Exercise details:
Directions for the data below: repeat exactly the lines from the one with "Title screen from the game" through the one with "Custom drawing from", both included, and omit all pictures.

Given records:
#####

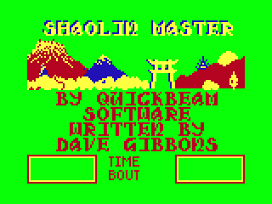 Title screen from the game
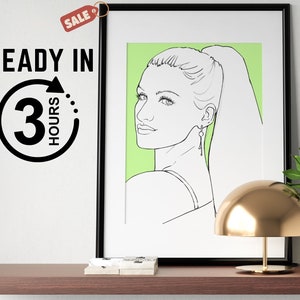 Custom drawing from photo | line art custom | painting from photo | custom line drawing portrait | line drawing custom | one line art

#####

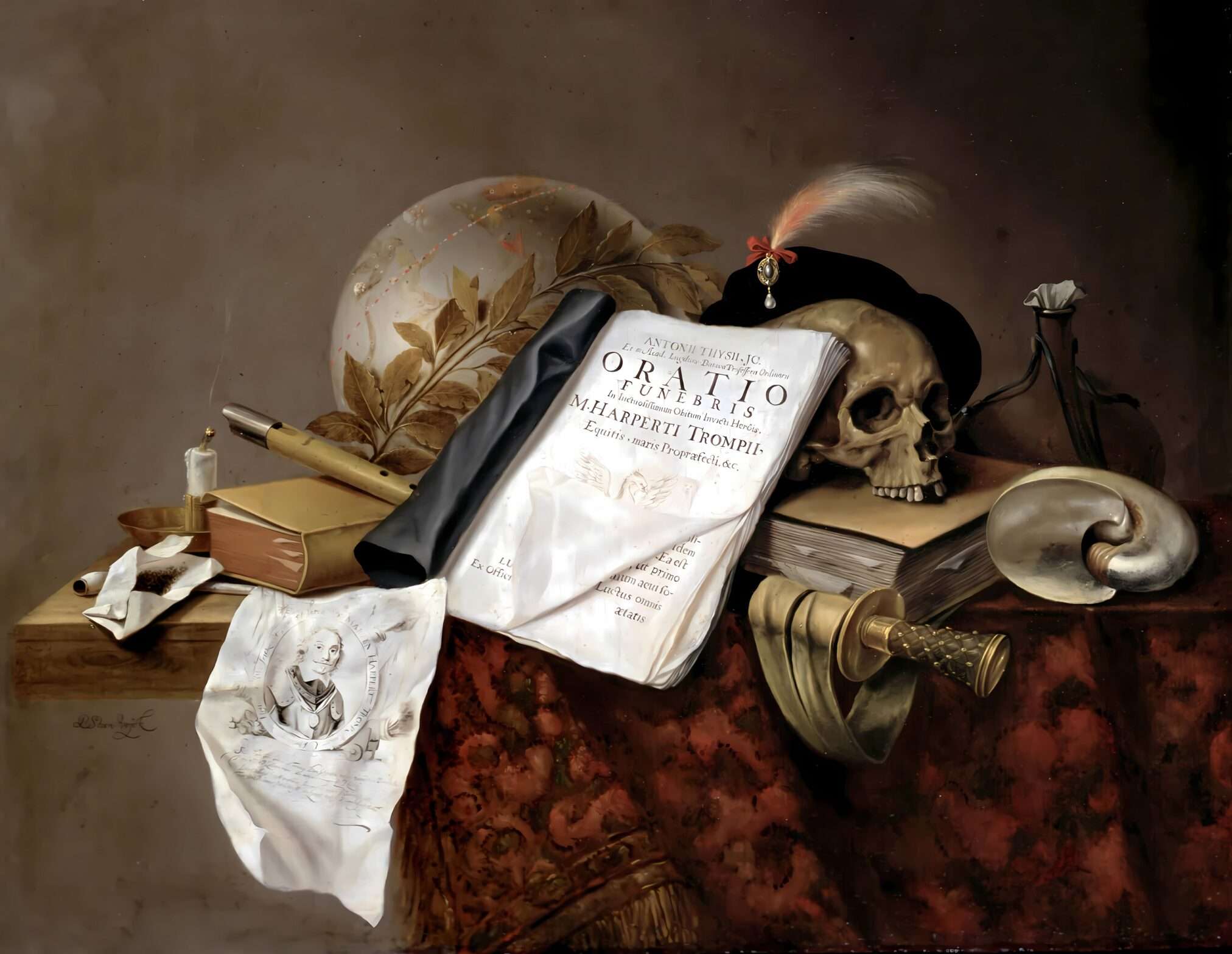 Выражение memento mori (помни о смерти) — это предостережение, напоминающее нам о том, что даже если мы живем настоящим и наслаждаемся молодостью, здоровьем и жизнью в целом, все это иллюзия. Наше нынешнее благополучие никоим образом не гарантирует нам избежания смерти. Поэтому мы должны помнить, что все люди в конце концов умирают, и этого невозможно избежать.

#####

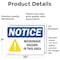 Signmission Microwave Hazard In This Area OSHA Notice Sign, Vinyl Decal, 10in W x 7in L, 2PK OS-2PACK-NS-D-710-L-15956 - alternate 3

#####

Result for this exercise:
 Title screen from the game
 Custom drawing from photo | line art custom | painting from photo | custom line drawing portrait | line drawing custom | one line art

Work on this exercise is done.